Para mieszkańców Płocka zbulwersowana homofobiczną dekoracją Grobu Pańskiego w jednym z kościołów postanowiła porozmawiać z proboszczem. Ta próba skończyła się awanturą i wyrzuceniem ich z budynku. Zajście zostało jednak nagrane. Na filmiku słychać, jakich argumentów użył ksiądz, gdy wyrzucał ludzi z kościoła.
REKLAMA
Na temat kontrowersyjnej dekoracji grobu pańskiego w parafii św. Maksymiliana Kolbego w Płocku pisaliśmy – > TUTAJ. Krzyż i monstrancja przykryta woalem obstawione zostały przez kartony z homofobicznymi i nacechowanymi negatywnie napisami. Nad nimi powieszono hasło: "Zachowaj nas od ognia niewiary".

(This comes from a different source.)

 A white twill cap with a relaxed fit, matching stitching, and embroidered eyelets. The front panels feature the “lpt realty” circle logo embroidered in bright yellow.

Dekoracja wywołała oburzenie nie tylko w sieci, ale także wśród mieszkańców Płocka, którzy postanowili działać. Wśród nich był Mateusz Goździkowski. Razem z koleżanką udał się do kościoła i przyozdobił grób tęczowymi flagami. Nie spodobało się to proboszczowi parafii.
– Poszliśmy zaprotestować przeciwko wyglądowi grobu pańskiego, który stygmatyzował osoby LGBT. Tymczasem ksiądz podarł nasze flagi co spotkało się z aprobatą większości zgromadzonych tam parafian. Jedynie jeden mężczyzna powiedział, że nie wolno nikogo wykluczać i wyrzucać z kościoła. Reszcie podobało się jednak zachowanie księdza – mówił w rozmowie z naTemat Goździkowski.
Pan Mateusz nagrał całe zajście, w tym moment, kiedy mówi księdzu, że sam jest gejem. W odpowiedzi słyszy od księdza, że jest zboczeńcem i powinien się leczyć. Pan Mateusz udostępnił filmik na Facebooku.
Para wyrzucona z kościoła wezwała na miejsce policję, ale funkcjonariusze wzięli stronę księdza i stwierdzili, że para odpowie przed sądem za zakłócenie spokoju w świątyni.